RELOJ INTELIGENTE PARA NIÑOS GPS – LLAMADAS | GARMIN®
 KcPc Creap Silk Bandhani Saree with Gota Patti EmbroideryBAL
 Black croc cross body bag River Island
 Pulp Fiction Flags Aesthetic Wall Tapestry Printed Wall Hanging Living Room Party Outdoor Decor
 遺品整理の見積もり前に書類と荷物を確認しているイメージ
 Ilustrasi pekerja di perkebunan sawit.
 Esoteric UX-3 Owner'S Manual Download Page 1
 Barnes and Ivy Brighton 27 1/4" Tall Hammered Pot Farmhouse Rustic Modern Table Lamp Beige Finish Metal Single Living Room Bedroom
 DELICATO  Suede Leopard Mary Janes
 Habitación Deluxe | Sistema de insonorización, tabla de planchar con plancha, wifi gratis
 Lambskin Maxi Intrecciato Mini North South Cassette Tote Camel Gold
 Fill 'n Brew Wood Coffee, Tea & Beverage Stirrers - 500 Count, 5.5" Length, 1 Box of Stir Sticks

**Work item:** Print every record exactly as it was given.

**Your response:**
RELOJ INTELIGENTE PARA NIÑOS GPS – LLAMADAS | GARMIN®
 KcPc Creap Silk Bandhani Saree with Gota Patti EmbroideryBAL
 Black croc cross body bag River Island
 Pulp Fiction Flags Aesthetic Wall Tapestry Printed Wall Hanging Living Room Party Outdoor Decor
 遺品整理の見積もり前に書類と荷物を確認しているイメージ
 Ilustrasi pekerja di perkebunan sawit.
 Esoteric UX-3 Owner'S Manual Download Page 1
 Barnes and Ivy Brighton 27 1/4" Tall Hammered Pot Farmhouse Rustic Modern Table Lamp Beige Finish Metal Single Living Room Bedroom
 DELICATO  Suede Leopard Mary Janes
 Habitación Deluxe | Sistema de insonorización, tabla de planchar con plancha, wifi gratis
 Lambskin Maxi Intrecciato Mini North South Cassette Tote Camel Gold
 Fill 'n Brew Wood Coffee, Tea & Beverage Stirrers - 500 Count, 5.5" Length, 1 Box of Stir Sticks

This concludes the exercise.